Dün akşam karanlığının İstanbul’a çökmesiyle, tüm Türkiye uzun ve üzücü bir gecenin karanlığından sabahı karşıladı...Yaş olarak genç sayılmam, fakat dünya siyasetini de takip eden bir gazeteci olarak öngörüm şudur ki; kendi halkıyla çatışan lider, hiçbir zaman iflah olamamıştır. Yakın tarih bunun gibi misallerle dolu. Geceyi Adana sokaklarında, İstanbul’dan gelen kasvet ve insanın vicdanını sızlatacak olay ve görüntülerin yansımasını analiz ederek geçirdim.

            Taksim’den filizlenen ve tüm Türkiye’ye kök salan olaylar ve yaşananlardan çok, hükumetin ve onun şaşkın polisinin, tahammül duvarlarını aşan, kendi insanına , saygısını ve sevgisini kaybedişinin gerçek öyküsünden bahsetmek istiyorum.

            Önce canım devletimizi emaneten idare etmek için 11 yıldır başbakanlık koltuğunu meşgul eden Recep Tayyip Erdoğan ve onun, Akp’nin bakanlarından bir konuya girizgah yapayım kısaca. Başbakan, yaptığı açıklamalar, ortamı germesi, işine geldiğinde Avrupa’yı örnek göstermesi ki alkol yasa tasarısı bunun son örneği, işine gelmediğinde oraları ciddiye almadığını dile getirip,en okkalı eleştirileri sarf etmesi, hatta dünkü mitinginde ülkücü bayraklar sallatarak, bazı kesimlere mesaj verme kaygısına girişmesi, “Gezi” parkı eylemlerinde bulunmayan, adı sanı geçmeyen bazı oyuncuk ve şarkıcıklarla her ne hikmetse “Gezi” açılımına karanlık ışık tutması, ve daha sayacağım çok ayrıntı varken bunlar “MARJİNAL” yaklaşım olmuyor.

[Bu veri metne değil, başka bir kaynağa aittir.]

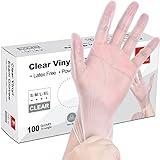 Schneider Clear Vinyl Exam Gloves, 4-mil, Large 100-ct Box, Latex-Free, Disposable Gloves, Medical Gloves, Cleaning Gloves, Food Prep Gloves, Food Safe Rubber Gloves, Powder-Free, Non-Sterile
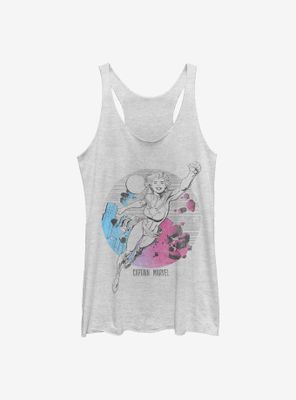 Marvel Captain Cosmic Cityscape Womens Tank Top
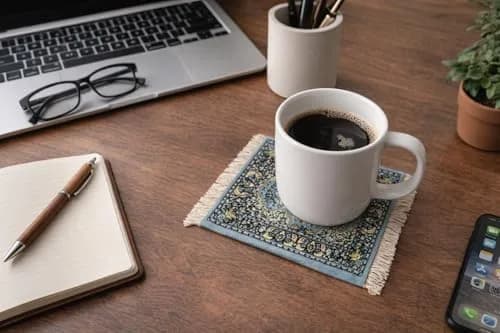 Inusitus Turkish Carpet Coasters Set of 4 | 15.2cm x 10.2cm (6"x4") Mini Drink Mats with Fringe thumbnail 2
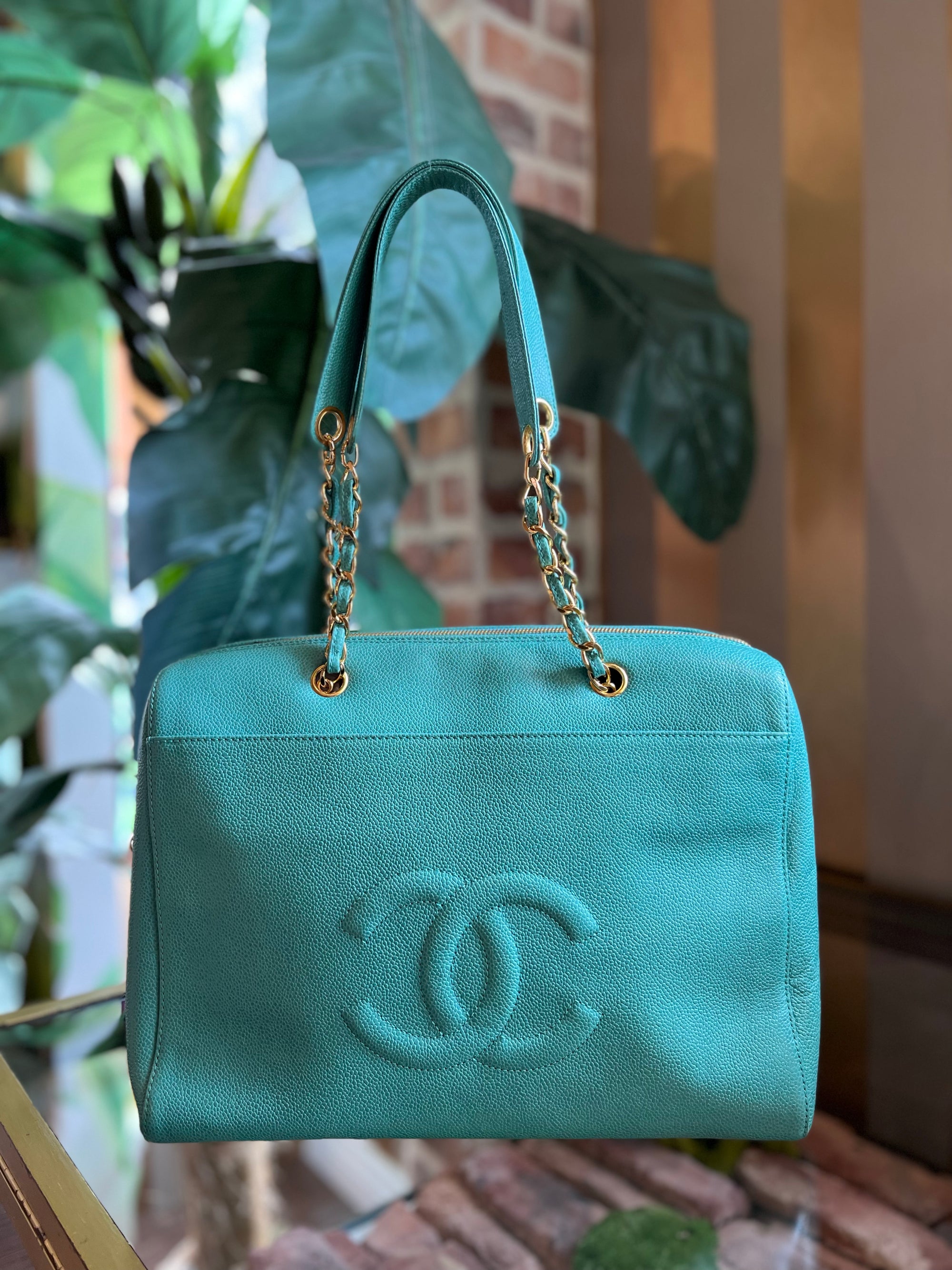 CHANEL Teal Caviar Leather Timeless Medium Zip Tote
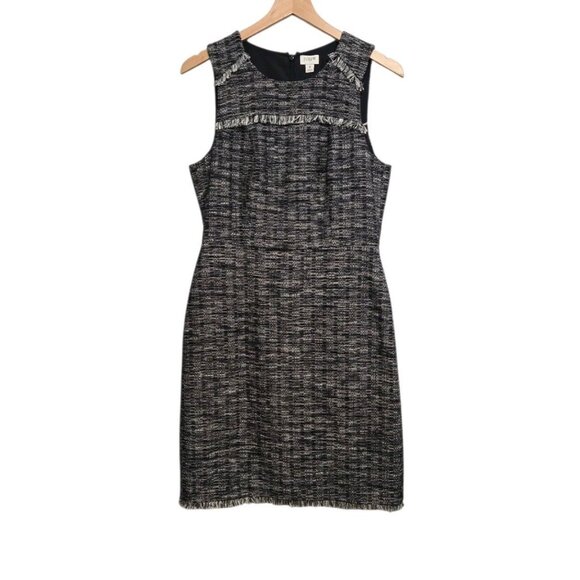 J Crew Womens Size 6 Navy Blue Metallic Fringe Tweed Sheath Dress Classic Career - Picture 2 of 8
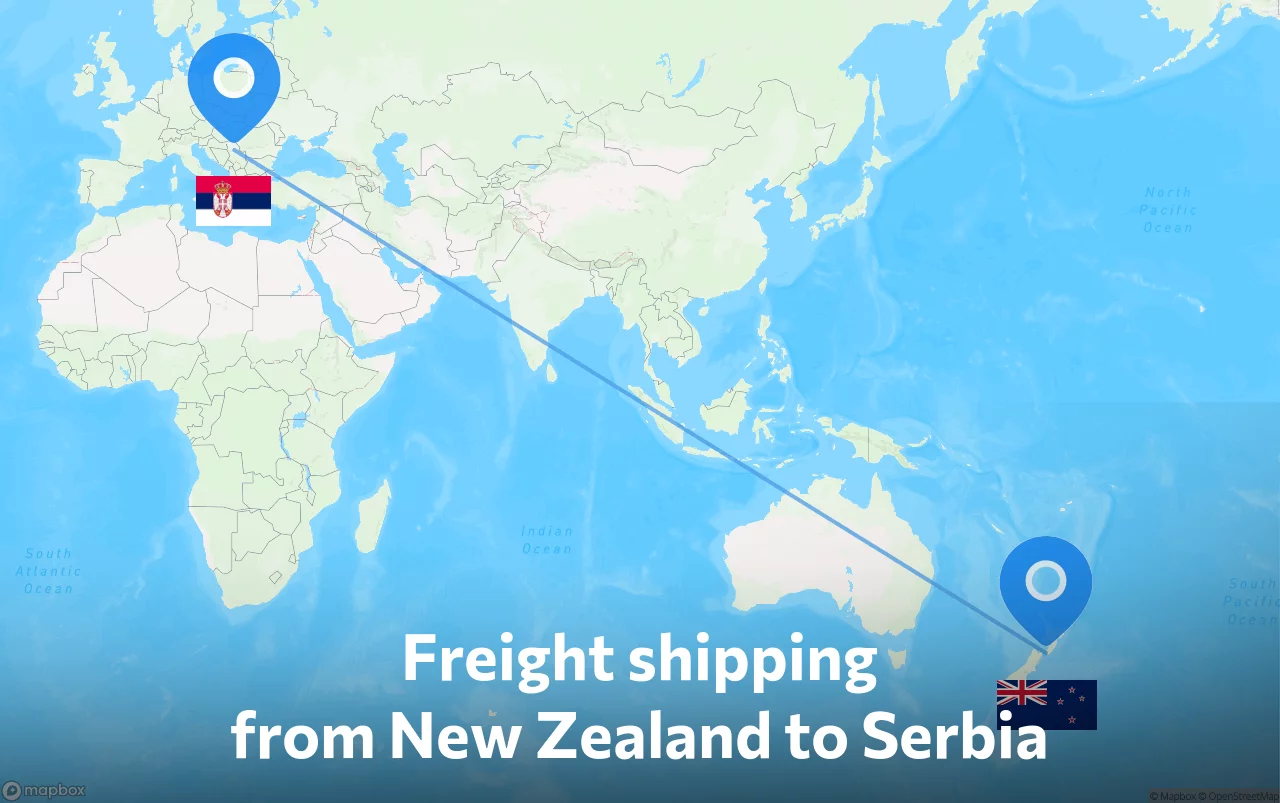 Shipping route from New Zealand to Serbia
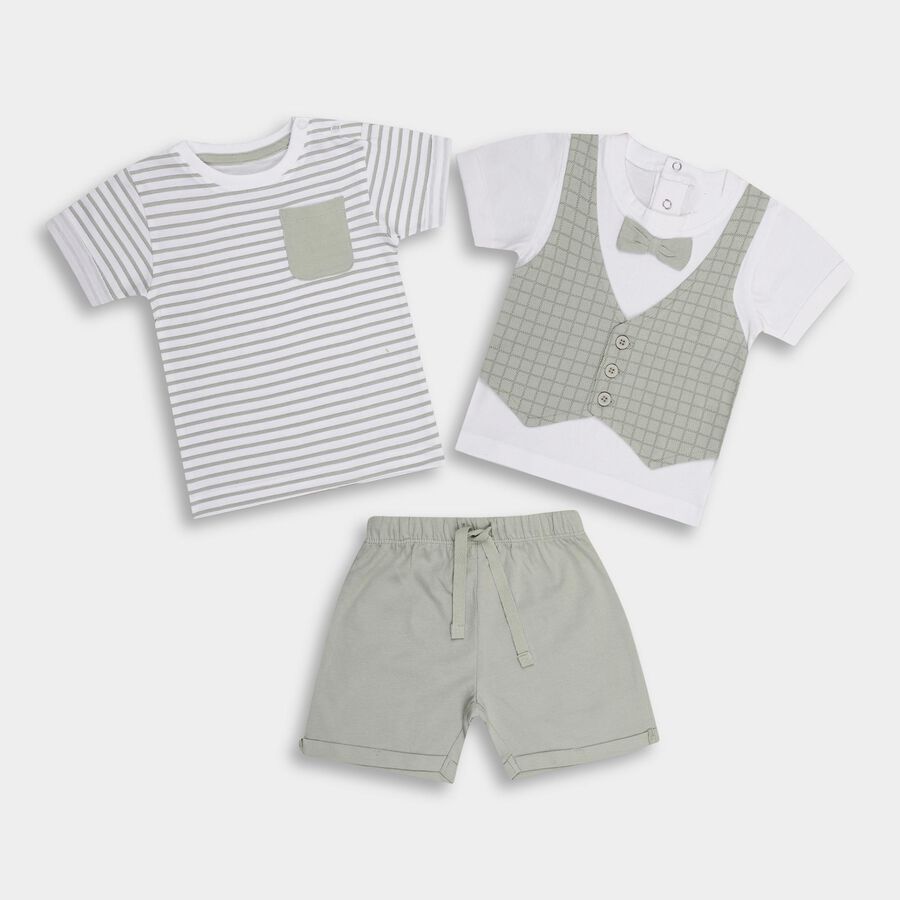 Infant Boys' 100% Cotton Baba Suit, Light Green, large image number null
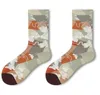 Nouveau femmes chaussette dessin animé impression mode créative personnalisé nouveauté hommes femmes chaussettes hiver chaud confortable coton chaussettes guêtres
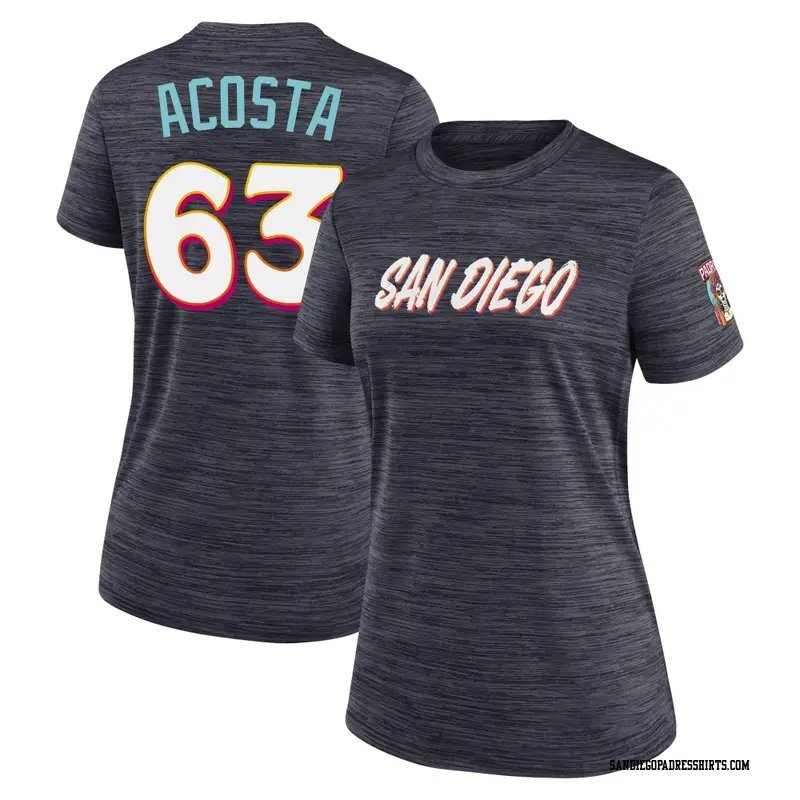 Women's San Diego Padres ＃63 Daison Acosta Obsidian 2026 City Connect Game Day Velocity Name & Number T-Shirt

Annesi, pusetinde bebeği, elinden tuttuğu çocuğu, genci ve yaşlısıyla, Anayasa’dan doğan yasal gösteri hakkını demokratik olarak kullanmaya çalışan vatandaşlar, Marjinal oluyor. Sokaklarda polise taş atan, Molotoflu saldırıda bulunan maskelilere  bunu söylemesini anlamaya çalışırken tüm dünya, şimdi annelere, çocuklara, gençlere “Marjinalleştirme” algısını tercüme edebileceğini sanmıyorum.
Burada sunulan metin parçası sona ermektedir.